No rush we are all busy.

I wrote up a detail for ease of understanding. Sorry if it is long. See below:

My operating system is:

OPERATING SYSTEM:
uname -a
SunOS snslcsunu04 5.10 Generic_150400-13 sun4u sparc SUNW,SPARC-Enterprise

DESCRIPTION OF PROBLEM:

We have 5 servers the each have over a hundred oracle databases. The issue isn’t with the databases it is with the servers. We are getting a lot of dropped connections on the server but don’t know which databases are refusing connections. I need to design a metric that can track those databases via numbers as to which one is getting worse or better.

We need to analyze the trace files every day on the “TNS-12535: TNSSmilieperation timed out” for example for all the databases in the
/oracle/diag/rdbms/*/*/trace directory. Where the * is the name of the database twice for clarification.

Here is MY THINKING and what I got so far.

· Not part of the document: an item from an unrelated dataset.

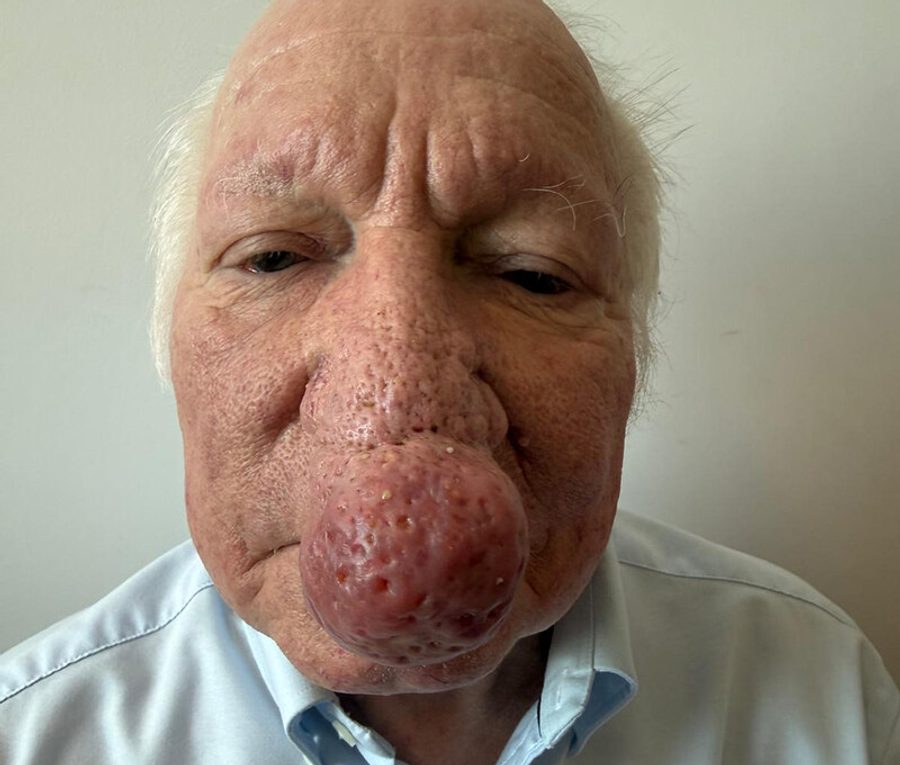 Nose contouring · Patient three, before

find /oracle/diag/rdbms/*/*/trace –type f -name '*d00*.trc' -mtime 0 -exec egrep -c 'TNS-12535: TNSSmilieperation timed out' '{}' '+'
OUTPUT:
/oracle/diag/rdbms/abcdef/abcdef/trace/abcdef_d001_21751.trc:11
/oracle/diag/rdbms/abcdef/abcdef/trace/abcdef_d000_21750.trc:27
/oracle/diag/rdbms/ghijkl/ghijkl/trace/ghijkl_d001_22002.trc:61
/oracle/diag/rdbms/ghijkl/ghijkl/trace/ghijkl_d000_22001.trc:57

GOAL: My final OUTPUT will be the same as above but with lesser numbers and/or lesser lines.

Now I need to go through these 4 above looking for the data in this case ‘2015-01-26’. First though I need to remove the excess information on the string the colon and the number . I do that by using awk. Here is my syntax:

find /oracle/diag/rdbms/*/*/trace -type f -name '*d00*.trc' -mtime 0 -exec egrep -c 'TNS-12535: TNSSmilieperation timed out' '{}' '+' | awk -F: '{print $1}'

OUTPUT: Notice there are no trailing : or numbers.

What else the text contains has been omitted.